Liquid nitrogen

Liquid nitrogen—LN2—is nitrogen in a liquid state at low temperature. Liquid nitrogen has a boiling point of about −195.8 °C (−320 °F; 77 K). It is produced industrially by fractional distillation of liquid air. It is a colorless, low viscosity liquid that is widely used as a coolant.

The diatomic character of the N2 molecule is retained after liquefaction. The weak van der Waals interaction between the N2 molecules results in little interatomic interaction, manifested in its very low boiling point.[1]

The temperature of liquid nitrogen can readily be reduced to its freezing point −210 °C (−346 °F; 63 K) by placing it in a vacuum chamber pumped by a vacuum pump.[2] Liquid nitrogen's efficiency as a coolant is limited by the fact that it boils immediately on contact with a warmer object, enveloping the object in an insulating layer of nitrogen gas bubbles. This effect, known as the Leidenfrost effect, occurs when any liquid comes in contact with a surface which is significantly hotter than its boiling point. Faster cooling may be obtained by plunging an object into a slush of liquid and solid nitrogen rather than liquid nitrogen alone.[2]

Nitrogen was first liquefied at the Jagiellonian University on 15 April 1883 by Polish physicists Zygmunt Wróblewski and Karol Olszewski.[15]

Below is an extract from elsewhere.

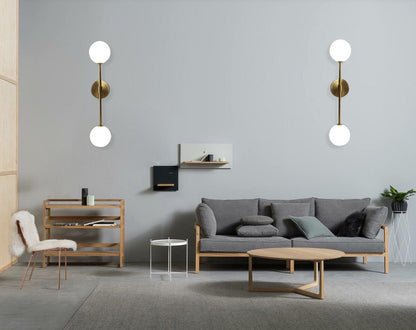 Émilie Wandleuchte aus Milchglas mit modernem elegantem Design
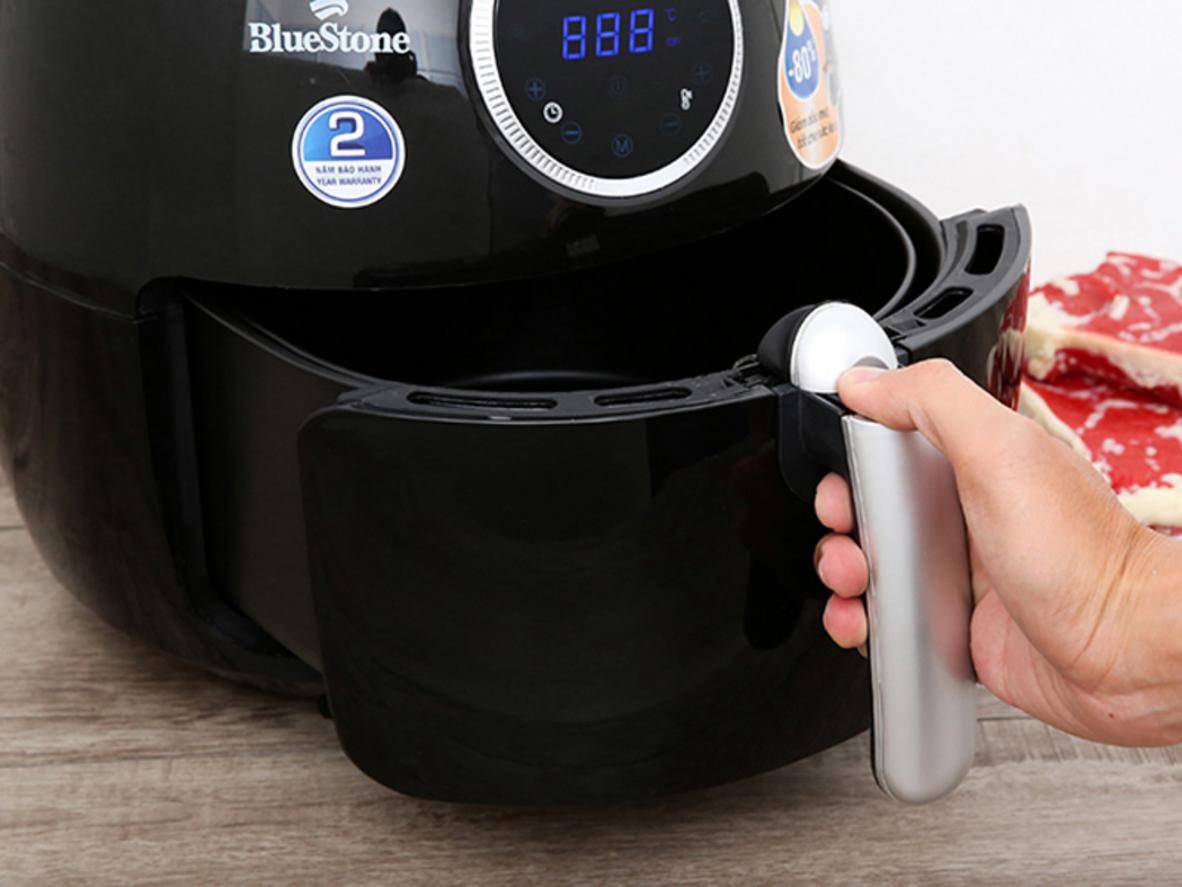 Công nghệ Rapid Air giúp thực phẩm giòn và ít dầu mỡ hơn.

Because the liquid-to-gas expansion ratio of nitrogen is 1:694 at 20 °C (68 °F), a tremendous amount of force can be generated if liquid nitrogen is vaporized in an enclosed space. In an incident on January 12, 2006 at Texas A&M University, the pressure-relief devices of a tank of liquid nitrogen were malfunctioning and later sealed. As a result of the subsequent pressure buildup, the tank failed catastrophically. The force of the explosion was sufficient to propel the tank through the ceiling immediately above it, shatter a reinforced concrete beam immediately below it, and blow the walls of the laboratory 0.1–0.2 m off their foundations.[16]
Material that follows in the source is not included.